ZEIT ONLINE: Man muss also auch in Frankfurt Angst haben,
wenn man Plakate klebt oder Wahlkampf macht?  

Wilke: Menschen, die sich hier engagieren, kalkulieren
zumindest ein, dass es Pöbeleien geben könnte.

ZEIT ONLINE: Pöbeleien sind schlimm genug. In Dresden und
Berlin wurden zuletzt aber sogar Politiker attackiert und im Fall von Matthias Ecke schwer verletzt. Sind das Einzelfälle? Oder handelt es sich um ein
größeres Phänomen? 

Wilke: Oft sind es verbale, manchmal körperliche
Bedrohungen. Die Übergänge sind fließend. Viele Kommunalpolitiker, ob
Bürgermeister oder Landräte, bekamen schon Morddrohungen. Von daher kann man
nicht mehr von Einzelfällen reden. Auch wenn jetzt nicht jeden Tag
Politiker auf offener Straße angegriffen werden. Aber dass sich Menschen
Sorgen müssen, die Plakate aufhängen, das ist trauriger Alltag.

ZEIT ONLINE: Haben Sie selbst bedrohliche Momente erlebt?

Wilke: Für bedrohliche Momente reicht mittlerweile schon das
Bemühen um Bürgernähe. Was natürlich hochproblematisch ist, weil die Nähe zu
Menschen und das Wissen um ihre Themen essenziell für gute politische Arbeit
und damit für eine funktionierende Demokratie ist. Bisher fühle ich mich vor allem unter vielen Menschen sicher. Weil es dann immer auch eine große
Mehrheit gibt, die keine Gewalt zulassen würde.

„Oft laufen die Konfrontierten rot an“

ZEIT ONLINE: Was raten Sie Wahlkämpfern und
Parteifreundinnen, die in brenzlige Situationen kommen?

Wilke: Nicht allein unterwegs sein. Schnellstmöglich die
Polizei informieren. Und, wenn andere Opfer werden, nicht tatenlos zuschauen.
Wir dürfen das nicht akzeptieren, auch wenn eine Partei betroffen ist, die man
nicht wählt. Ich persönlich setzte gern auf eine Konfrontationsstrategie.
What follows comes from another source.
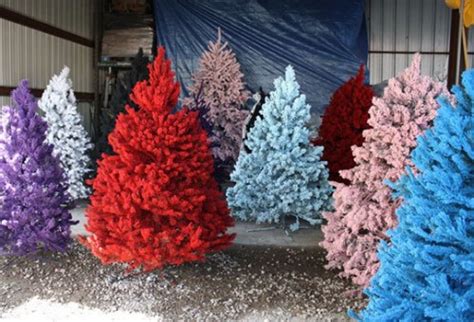 colored artificial christmas trees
Wenn
jemand verbal entgleist oder mir böse Briefe schreibt, versuche ich erst recht
ins Gespräch zu kommen, rufe diese Menschen an oder komme unangekündigt zu
Besuchen.   

ZEIT ONLINE: Wie reagieren die Menschen darauf?  

Wilke: Sie sind erst einmal schockiert. Weil ihre
Erwartungshaltung über die „Menschen da oben“, die angeblich nichts interessiert,
gebrochen wird. Oft laufen die Konfrontierten rot an und es ist ihnen sehr
unangenehm, was sie gemacht haben. Und dann kommt man vernünftig ins Gespräch.
Ich empfinde das als heilsam. Auch bei umkämpften Projekten, wie zum Beispiel
gerade bei einer Straßensanierung, arbeiten wir mit solchen Formaten, wo wir
Konflikte offen aushandeln. Wir schaffen als Verwaltung Situationen, in denen
Menschen mit einer bestimmten Haltung auch mit anderen zusammengebracht werden.
Damit sie merken, dass ihr Interesse eines von vielen ist.